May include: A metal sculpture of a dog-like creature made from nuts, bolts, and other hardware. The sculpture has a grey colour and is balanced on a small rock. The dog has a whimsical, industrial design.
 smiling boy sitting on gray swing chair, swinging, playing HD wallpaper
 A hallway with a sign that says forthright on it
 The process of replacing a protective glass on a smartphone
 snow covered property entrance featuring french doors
•••
▶ _Activity_:
Every line above is to be transcribed exactly, with nothing dropped.

▶ _Result for this exercise_:
May include: A metal sculpture of a dog-like creature made from nuts, bolts, and other hardware. The sculpture has a grey colour and is balanced on a small rock. The dog has a whimsical, industrial design.
 smiling boy sitting on gray swing chair, swinging, playing HD wallpaper
 A hallway with a sign that says forthright on it
 The process of replacing a protective glass on a smartphone
 snow covered property entrance featuring french doors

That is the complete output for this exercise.